O segundo conjunto de ajustes seria para melhorar a competitividade do Brasil. Em sofisticação empresarial, o país está com os mais bem colocados do mundo, mas em burocracia fica nos últimos lugares. Na média, está mal. O ranking divulgado na semana passada pelo Banco Mundial mostra o país em 120.º lugar, num total de 189.
Comparando o Brasil com o resto da América do Sul, ele só está melhor que Argentina, Guiana e Venezuela, e pior do que todos os demais. Para pagar impostos, gasta-se 9 vezes mais tempo no Brasil do que no Chile, e para abrir uma empresa demora-se 15 vezes mais. Há avanços em competitividade, mas a uma velocidade menor que no resto do planeta, o que faz com que o Brasil ande para trás nos rankings.

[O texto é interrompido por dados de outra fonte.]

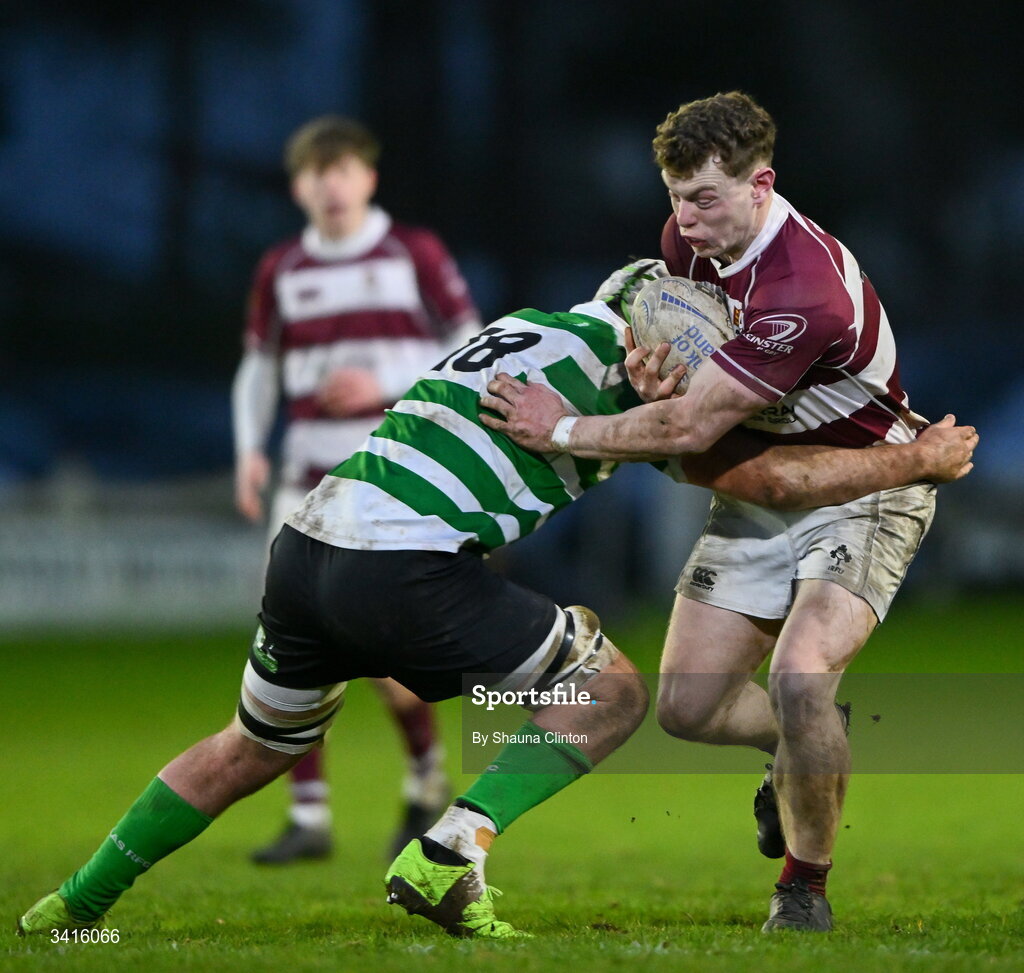 4 April 2026; Jack Hanlon of Tullow RFC is tackled by Jason Cutler of Naas RFC during the Bank of Ireland Provincial Towns Cup semi-final match between Naas RFC and Tullow RFC at County Carlow RFC in Oakpark, Carlow. Photo by Shauna Clinton/Sportsfile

Num mundo cada vez mais plano, investimentos em novas empresas são canalizados para onde é mais fácil produzir. Como há proporcionalmente mais entraves aqui do que em outros países, a dificuldade em atrair esses recursos é maior e isso faz com que eles migrem para outros destinos.
A correção a ser feita é começar a fazer ajustes mais rapidamente que os demais países para ganhar posições em competitividade, descomplicando a atividade de produzir no Brasil.
O terceiro ponto a ser corrigido é a abertura comercial do país, que foi tímida e equivocada. O grau de abertura da economia brasileira é de 27,6%, menos que a metade da média mundial.
A política de proteger algumas indústrias com tarifas de importação elevadas ou a exigência de índices de nacionalização para alguns produtos prejudica o conjunto, que tem de pagar mais caro pelos insumos.
Há situações em que são necessárias barreiras temporárias para dar musculatura à manufatura local, mas o potencial de crescimento para a indústria está na sua integração com as cadeias produtivas globais, e não no isolamento.
O Brasil tem capacidade empresarial, mão de obra, recursos naturais, escala e acesso a tecnologia, e, mesmo assim, está crescendo menos que o resto do planeta. Há um muro que atrapalha o desenvolvimento do país. Ele é ideológico e tem de ser derrubado.
O modelo de substituição de importações, desenvolvimentista, cartorial, protecionista, burocrático, privilegiando o mercado interno, ficou repentinamente obsoleto em 1989. Alguns se deram conta disso, outros ainda não.